Sur la base de mon argument de transposition donné ci-dessus, (les textes peuvent facilement être déplacés d’un Usage à un autre, mais peuvent beaucoup moins facilement, ou pas du tout, être déplacés d’un Rite à un autre), on peut dire que formes ordinaire et extraordinaire partagent une certaine identité. La plupart des textes de n’importe quel bloc de textes de messe peuvent être déplacés de l’un à l’autre assez facilement, ou du moins, beaucoup plus facilement qu’ils ne pouvaient être déplacés entre les rites byzantin et ambrosien. Cependant, si l’on considère que la réforme post-conciliaire a entraîné un déplacement des textes liturgiques bien plus important que ce qui s’était produit auparavant dans le rite romain, et les différences rituelles significatives, il est beaucoup plus difficile d’affirmer que formes ordinaire et extraordinaire partagent une identité. Historiquement, il s’agit d’une situation absolument anormale ; il n’y a jamais eu de cas de deux rites ou usages qui partageaient autant de choses et qui étaient pourtant si radicalement différents.

Pour cette raison, l’identité des deux formes d’un même rite, telle qu’établie par Summorum Pontificum, a parfois été décrite comme une « fiction juridique ». Je soutiens que c’est une façon tout à fait appropriée de décrire la situation, que l’identité des deux formes d’un seul Rite EST une fiction juridique, et que c’est une bonne chose.

Une fiction juridique n’est pas la même chose qu’un mensonge. L’adoption, par exemple, est une fiction juridique, qui stipule que du point de vue de la loi, telle personne est l’enfant de telle autre. Il ne s’agit absolument pas d’une fausse déclaration, même si l’enfant adopté n’est pas la progéniture naturelle du parent. La reconnaissance par la loi du lien entre un parent et un enfant est peut-être l’aspect le moins significatif, précisément parce qu’elle ne crée pas ce lien et ne peut le dissoudre. En ce sens, l’adoption déclare simplement que l’absence de relation génétique entre deux personnes spécifiques n’est pas juridiquement pertinente, et qu’une relation parent-enfant existe entre elles.

De la même manière, l’action de Benoît XVI en créant deux « formes » n’avait pas pour but de parler de la relation entre forme ordinaire et forme extraordinaire du point de vue de l’érudition liturgique ou historique, mais uniquement comme une description de la relation entre elles en droit. Elle déclare simplement que la relation ténue entre les deux formulaires n’est pas pertinente sur le plan juridique.
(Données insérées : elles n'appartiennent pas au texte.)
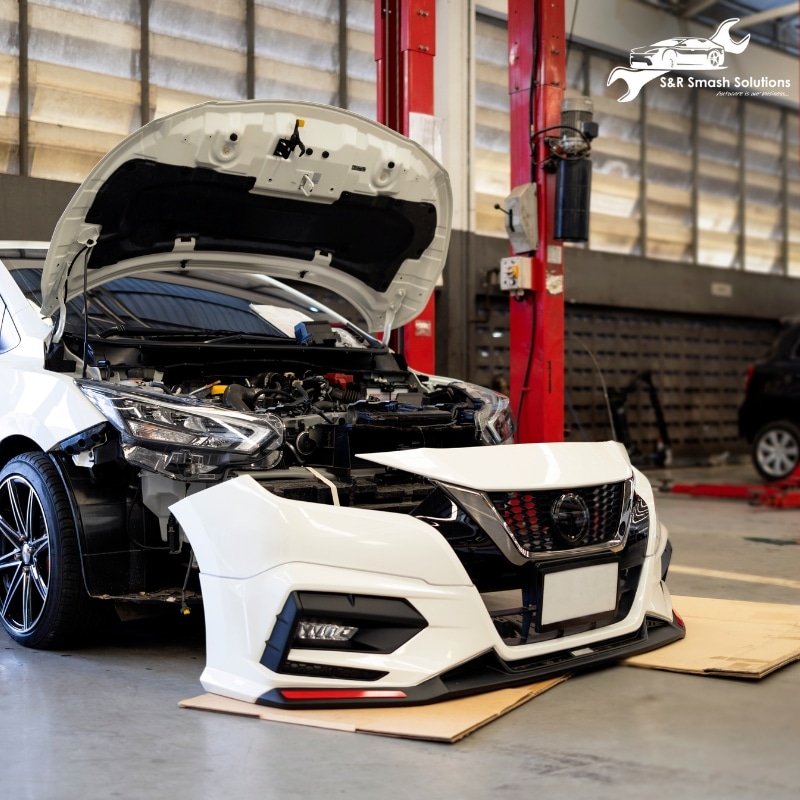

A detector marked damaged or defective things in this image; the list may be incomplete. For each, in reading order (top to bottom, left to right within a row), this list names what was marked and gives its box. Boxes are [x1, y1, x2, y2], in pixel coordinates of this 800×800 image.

detached front bumper [172, 476, 684, 708]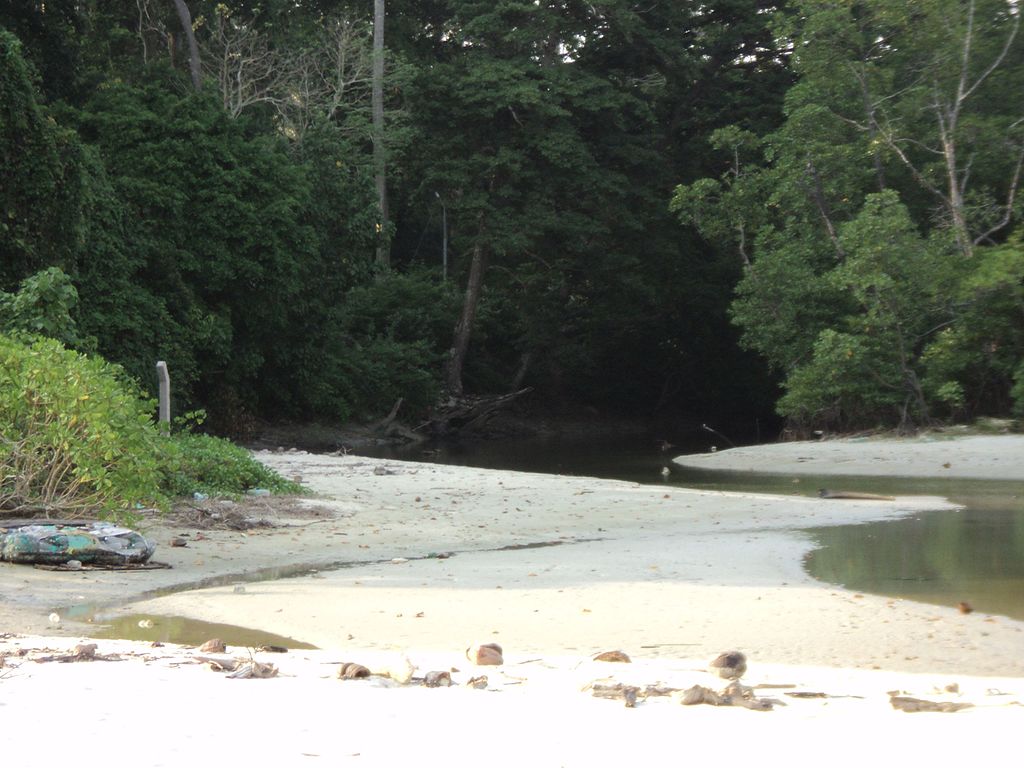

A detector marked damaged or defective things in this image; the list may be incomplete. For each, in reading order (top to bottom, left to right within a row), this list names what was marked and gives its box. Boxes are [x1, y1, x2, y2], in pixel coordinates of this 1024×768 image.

tattered blue tarp [0, 524, 155, 565]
En droit, un prêtre d’un rite donné a besoin d’autorisations spéciales (les facultés) pour célébrer la messe dans un autre rite. Il s’agit d’une disposition légale utile et parfaitement raisonnable pour diverses raisons, et qui existe depuis longtemps, mais ce n’est pas une nécessité morale en soi ; lorsqu’elles ont été jugées utiles sur le plan pastoral, l’Église s’est montrée assez souple pour accorder de telles autorisations. Cependant, l’objectif de Summorum Pontificum était d’établir qu’un prêtre de rite romain n’a pas besoin d’une faculté ou d’une permission spéciale pour dire la Messe selon le missel traditionnel, comme c’était le cas sous l’indult Ecclesia Dei. Je crois que Benoît XVI a agi très sagement et consciencieusement en adoptant une catégorie complètement différente de toutes celles utilisées précédemment, celle de la « forme » au lieu de « l’usage » ou du « rite », pour contourner un problème juridique important, à savoir que par toute autre solution, il aurait rendu la grande majorité des prêtres catholiques « bi-rituels ». Cela aurait été une abomination juridique sans précédent.